BEGIN
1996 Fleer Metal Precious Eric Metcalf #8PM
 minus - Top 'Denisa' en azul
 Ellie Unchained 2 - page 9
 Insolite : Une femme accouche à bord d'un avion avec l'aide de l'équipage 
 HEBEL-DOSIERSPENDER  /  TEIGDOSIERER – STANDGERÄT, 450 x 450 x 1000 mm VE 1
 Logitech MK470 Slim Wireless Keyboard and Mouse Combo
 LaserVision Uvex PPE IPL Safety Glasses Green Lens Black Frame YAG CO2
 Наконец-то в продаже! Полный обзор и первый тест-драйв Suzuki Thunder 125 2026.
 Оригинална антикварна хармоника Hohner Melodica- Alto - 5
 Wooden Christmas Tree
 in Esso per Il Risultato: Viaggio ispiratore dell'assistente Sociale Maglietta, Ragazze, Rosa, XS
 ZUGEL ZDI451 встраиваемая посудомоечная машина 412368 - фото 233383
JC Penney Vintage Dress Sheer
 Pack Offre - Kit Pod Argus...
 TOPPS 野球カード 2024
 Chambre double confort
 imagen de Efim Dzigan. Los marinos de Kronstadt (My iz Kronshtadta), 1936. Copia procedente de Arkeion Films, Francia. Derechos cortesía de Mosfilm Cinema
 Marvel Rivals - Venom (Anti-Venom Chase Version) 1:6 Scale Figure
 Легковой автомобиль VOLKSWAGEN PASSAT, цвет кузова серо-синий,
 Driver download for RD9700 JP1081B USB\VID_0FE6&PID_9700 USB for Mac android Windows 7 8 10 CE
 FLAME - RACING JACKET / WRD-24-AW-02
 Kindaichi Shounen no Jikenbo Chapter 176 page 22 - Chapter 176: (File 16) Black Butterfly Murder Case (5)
END
Reproduce exactly the line containing "FLAME - RACING JACKET / WRD-24-AW-02" and all lines after it through the end of the listing above; leave out every earlier line.

FINISHED TASK:
 FLAME - RACING JACKET / WRD-24-AW-02
 Kindaichi Shounen no Jikenbo Chapter 176 page 22 - Chapter 176: (File 16) Black Butterfly Murder Case (5)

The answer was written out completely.